You should now be able to see a message saying “Ollama is running” on http://localhost:11434

  1. Test Mistral model using curl
    curl http://localhost:11434/v1/chat/completions \
     -H "Content-Type: application/json" \
     -d '{
         "model": "mistral",
         "messages": [
             {
                 "role": "system",
                 "content": "You are a helpful assistant."
             },
             {
                 "role": "user",
                 "content": "Hello!"
             }
         ]
     }'
    

Setup ngrok

To provide access to your supabase functions and your chat app, you would need to expose this to the internet, one of the options for the same is ngrok.

Let’s do a quick setup for ngrok.

  1. Download and Install Ngrok. If you haven’t already installed ngrok, download it from ngrok’s website and follow the installation instructions for your operating system.

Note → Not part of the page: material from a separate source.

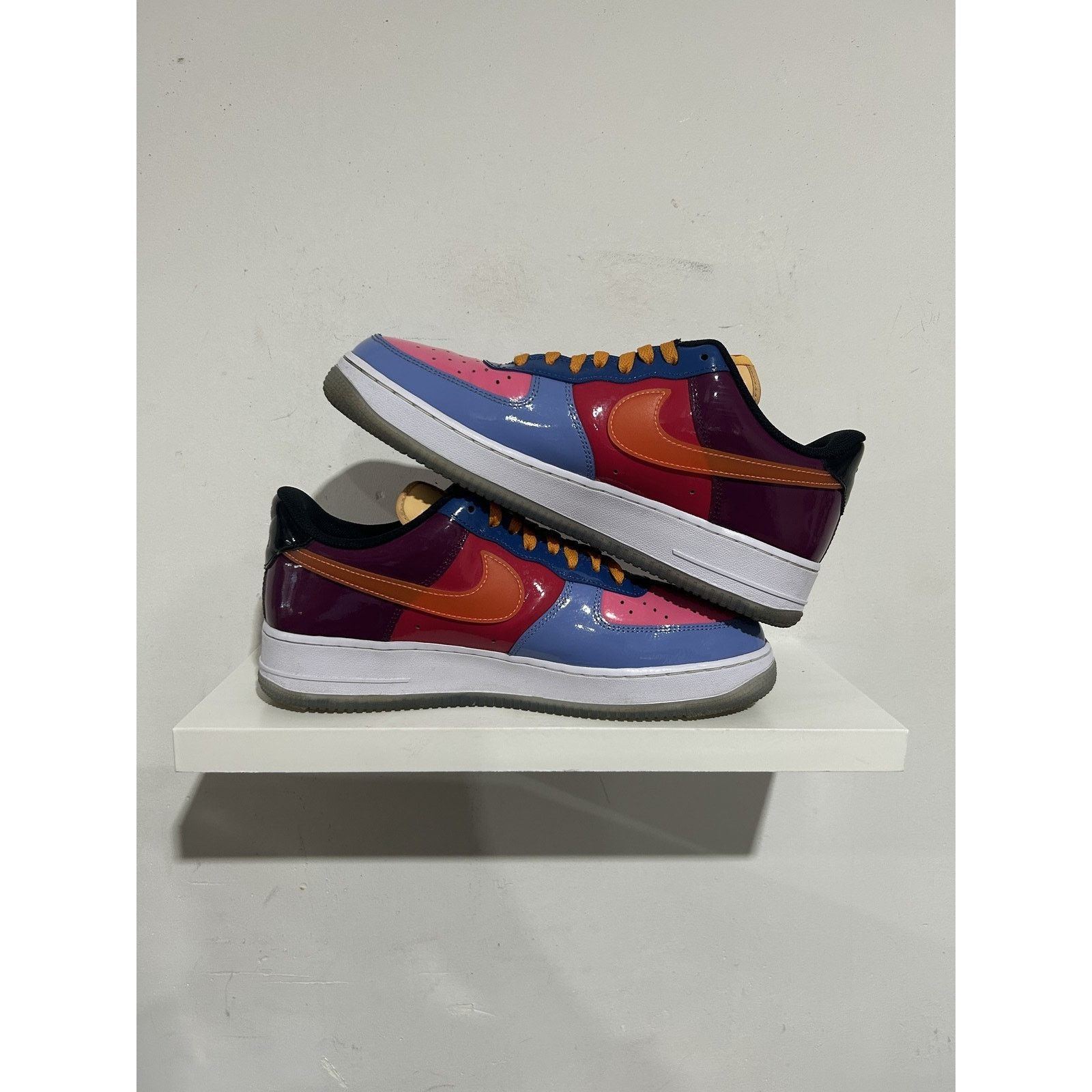 Nike AIR FORCE 1 LOW X UNDEFEATED TOTAL ORANGE SIZE 10.5 PREOWNED Size US 10.5 / EU 43-44 - 2 Thumbnail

  2. Sign-up on ngrok for your authtoken

ngrok config add-authtoken <token>
  1. Start an Ngrok Tunnel Open the exe and start an ngrok tunnel to the port where Ollama is running (usually its 11434)
    ngrok http 11434
    

    Ngrok will display a screen with several pieces of information, including the public URL that ngrok provides. It will look something like this:

    Forwarding          https://f4dc-2001-bb6.ngrok-free.app -> http://localhost:11434
    
  2. Access Ollama from the Internet Copy the ngrok URL (http://123abc.ngrok.io in the example above) and paste it into your web browser. You should now be able to access your local Ollama instance from anywhere on the internet. Remember that ngrok sessions are temporary. If you restart ngrok, you’ll get a new URL.

  3. Secure Your Tunnel (Optional) If you plan to use ngrok for an extended period or for sensitive applications, consider securing your tunnel with additional options like basic authentication, which can be done as follows:
ngrok http 11434 --basic-auth="<username>:<password>"

You’ve now successfully set up Ollama to run locally and made it accessible over the internet using ngrok. Remember to monitor your ngrok tunnel and be aware of its usage limits and security implications.

Use Ollama with Adeus

To use the Ollama and ngrok that you setup with Adeus chat application, setup the public url of ngrok in the supabase secret as OLLAMA_BASE_URL

supabase secrets set OLLAMA_BASE_URL=https://f4dc-2001-bb6.ngrok-free.app

You should now be able to chat with your local model on Adeus! Ps: The embeddings still use OpenAI’s embedding since Ollama doesn’t support the OpenAI’s embedding endpoints yet. It will be added as part of the code as soon as it is released. So for now you need to setup both OLLAMA_BASE_URL and OPENAI_API_KEY in the supabase secret.